Last reviewed 06/2022

The angle formed by the iris and cornea is normally hidden from direct observation by the overlapping of the sclera at the limbus. The angle may be viewed microscopically once the refraction of the cornea is cancelled by applying a dome-shaped contact lens - for a hand-held microscope - or a Goldmann lens - for a slit-lamp microscope.

In an open angle, the end of Descemet's membrane in the cornea appears as a pale line marking the anterior insertion of the trabeculae. In a narrow angle, only Schwalbe's line and a glimpse of the trabeculae are visible. In a wide angle, the root of the ciliary body may be seen.

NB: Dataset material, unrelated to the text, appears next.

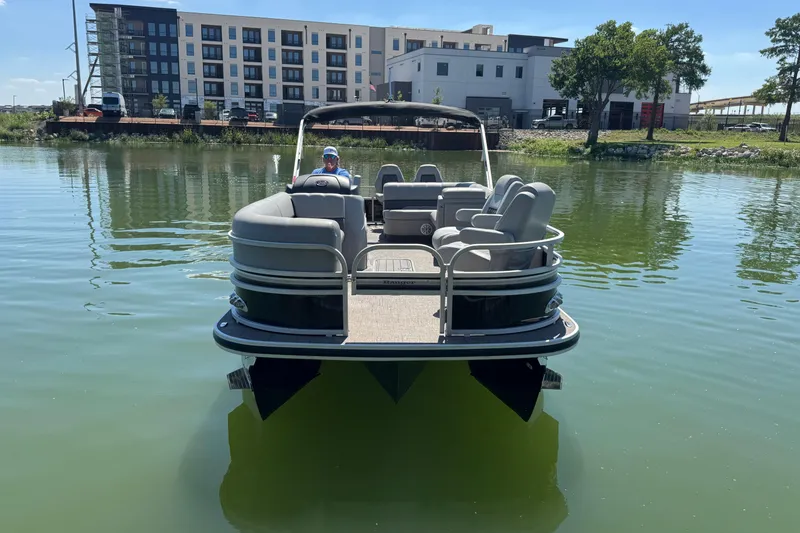 Slide: The Image of 2022 Ranger 223FC pontoon boat on calm water near modern buildings. - 2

Many techniques enable measurement of intra-ocular pressure. The three most popular ones are:

  • Goldmann applanation tonometer - requires topical anaesthesia and fluorescein but has a high level of accuracy. The force required to flatten a small area of cornea is measured by a prism fitted to a tonometer.
  • "air-puff" tonometer - the cornea is flattened using a small puff of air. The procedure does not require anaesthesia but is not very accurate.
  • Schiotz tonometer - the weight required to indent the cornea is measured and converted to a pressure value. It requires topical anaesthesia but is portable.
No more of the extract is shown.